Salah satu penyebab sulitnya untuk keluar dari krisis multi dimensi yang dialami Indonesia dewasa ini adalah lemahnya penegakan hukum. Perangkat hukum dan aparat hukum yang ada telah terkontaminasi dengan praktik-praktik Kolusi, Korupsi dan Nepotisme. Amanat reformasi yang didengung-dengungkan berjalan terseok-seok akibat lemahnya penegakan hukum
Buktinya, sejumlah kasus pelanggaran HAM, Kolusi Korupsi dan Nepotisme (KKN) tak bisa diungkap dan boleh dikatakan masih berlangsung.
Demikian penilaian Ketua Dewan Pembina Koalisi Masyarakat Pendorong Good Governance (Kompagg) Mastra Liba SH, MBA dalam percakapan dengan politikindonesia.com di Jakarta belum lama ini.
Sebagai salah satu solusi untuk keluar dari masalah ini, menurut Mastra Liba, ke depan pasca pemilihan presiden 2004, perlu dibentuk Menteri Koordinator (Menko) Hukum. Dalam menjalankan tugasnya, Menko hukum membawahi tiga institusi, yakni Menteri Kehakiman, Kejaksaan yang juga merangkap menjadi Jaksa Penuntut Umum (JPU) tertinggi, dan Menteri Pendayagunaan Aparatur Negara (Menpan).
Peran dan Menko Hukum nantinya, sebagai motor pembenahan hukum secara menyeluruh di masa mendatang.
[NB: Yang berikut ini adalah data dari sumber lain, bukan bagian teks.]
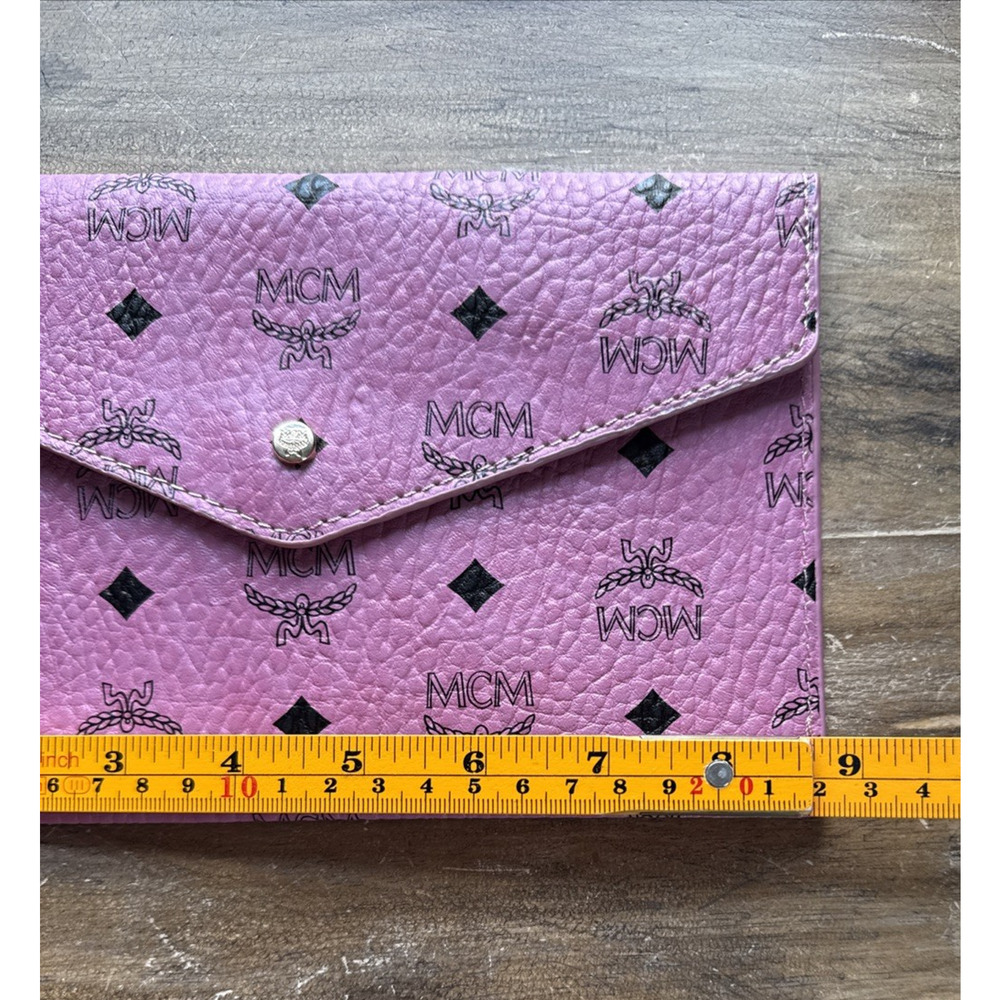MCM Pink Logo Envelope Clutch - Picture 4 of 5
Tugas Menko hukum yakni, menangani seluruh persoalan berbau hukum, mulai dari penyusun serta pengawal dalam pelaksanaan suatu undang-undang.
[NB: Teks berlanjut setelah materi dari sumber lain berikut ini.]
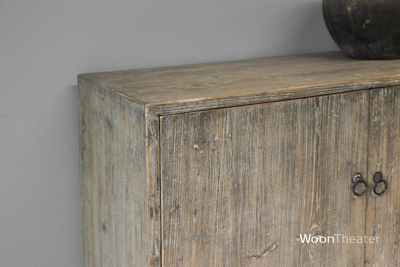 Klein dressoir oud hout 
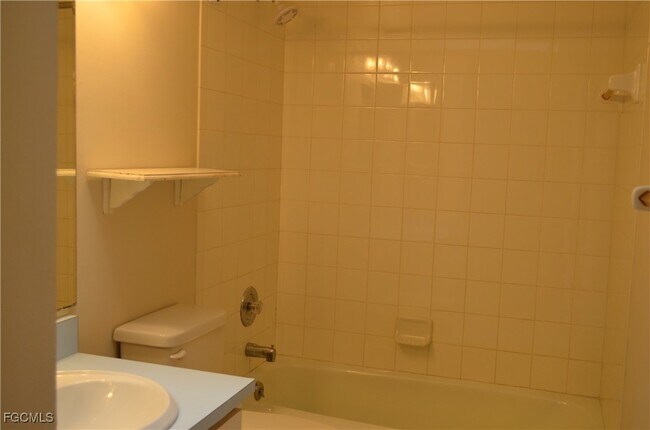 property at 4528 SE 5th Pl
Mantan staf ahli Jaksa Agung Baharudin Lopa ini menilai, supremasi hukum hingga saat ini belum berjalan maksimal. Perundang-udangan dan aparat hukum yang mengemban wewenang tersebut sejak lama terkontaminasi sehingga pelaksanaan penegakan hukum terabaikan.
“Kontrol ketat bagi aparatur pelaksana hukum tidak berjalan serta saling tumpang tindih. Tidak adanya institusi pemerintahan yang mewadai seluruh lembaga hukum, seperti kepolisian, peradilan dan kejaksaan dan pengawas aparatur negara,” jelasnya.
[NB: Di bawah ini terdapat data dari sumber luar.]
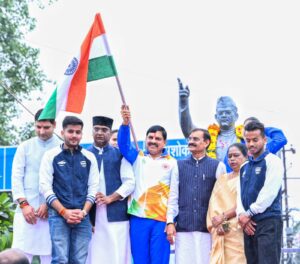 Read more about the article CM यादव ने की तिरंगा यात्रा की शुरुवात, फेहराया तिरंगा ; यात्रा से पहले CM ने लिया झूले का आनंद …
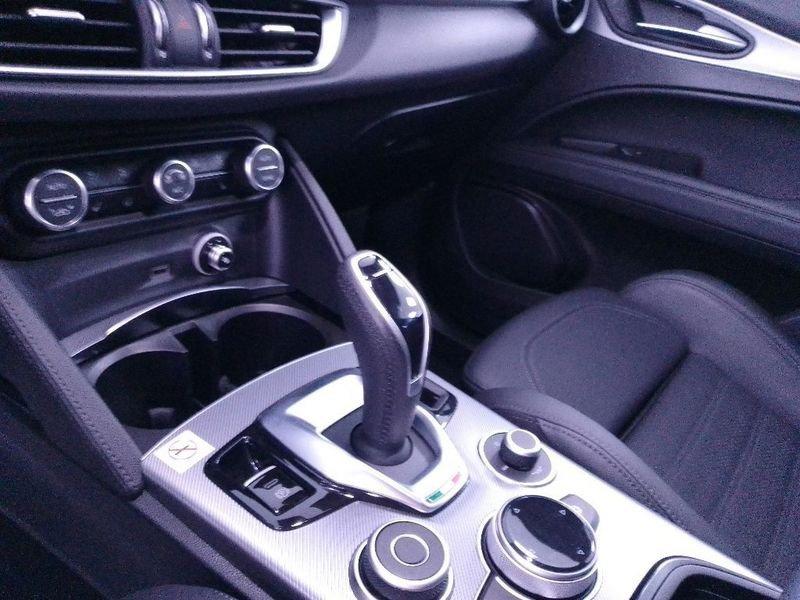 Alfa Romeo Stelvio 2.2 t Veloce Q4 210cv auto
Sebagai contoh kasus, Mastra Liba mengatakan, kasus pelanggaran hukum yang ditangani oleh aparat kepolisian sebanyak 15 kasus. Namun, 10 kasus kasus hukum itu diselesaikan ‘dibawah meja’, sedangkan sisanya diserahkan ke lembaga kejaksaan untuk ditangani lebih lanjut. Dari lembaga kejaksaan, kasus itu antara 2-3 kasus yang diserahkan ke pengadilan untuk divonis, sedangkan sisanya diselesaikan dengan cara melanggar hukum.
“Bobroknya kondisi penanganan hukum telah berlangsung lama sehingga banyak kasus pelanggaran hukum yang tidak selesai ditangani secara serius,” tegasnya.
Mastra Liba menegaskan, tidak adanya kekompakan serta keahlian khusus dalam penanganan kasus pelanggaran hukum. Profesionalisme aparat hukum di lembaga kepolisian juga kian hari semakin terpuruk.
“Buktinya, banyak sekali penyelidikan yang ditangani kepolisian diserahkan ke kejaksaaan terpaksa dipulangkan kembali, karena tidak lengkapnya bukti serta cacat hukum. Dahulu, antara aparat penyidik kepolisian dan kejaksaan ditangani satu atap untuk mempersamakan persepsi penyidikan. Tapi, penanganan satu atap itu tidak lagi berjalan tanpa sebab yang jelas,” ungkap mantan jaksa yang mengabdikan diri di lingkungan Kejaksaan selama 30 tahun itu.
Menurutnya, pembenahan menyeluruh dalam penanganan kasus pelanggaran hukum dilakukan dengan pembentukan Menko Hukum.. Tugas utama dari lembaga Menko hukum yakni mewadai aparat penegakan hukum, kejaksaan dan peradilan dan Departemen yang mengawasi kerja aparatur negara, yang bertugas melaksanakan tugas negara. .
“Bila proses itu berjalan, maka di masa mendatang penanganan hukum akan lebih sistematis dan terkontrol. Aparatur negara yang bertugas menjaga supremasi hukum dilindungi oleh undang-undang, dan bila melakukan kesalahan akan dikenakan sanksi tegas,” tegas pria kelahiran Sulawesi Selatan ini.